Collected data:
##########
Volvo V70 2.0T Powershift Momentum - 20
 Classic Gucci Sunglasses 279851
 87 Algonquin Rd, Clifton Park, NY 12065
##########
Each line shown above needs to be transcribed exactly.

Volvo V70 2.0T Powershift Momentum - 20
 Classic Gucci Sunglasses 279851
 87 Algonquin Rd, Clifton Park, NY 12065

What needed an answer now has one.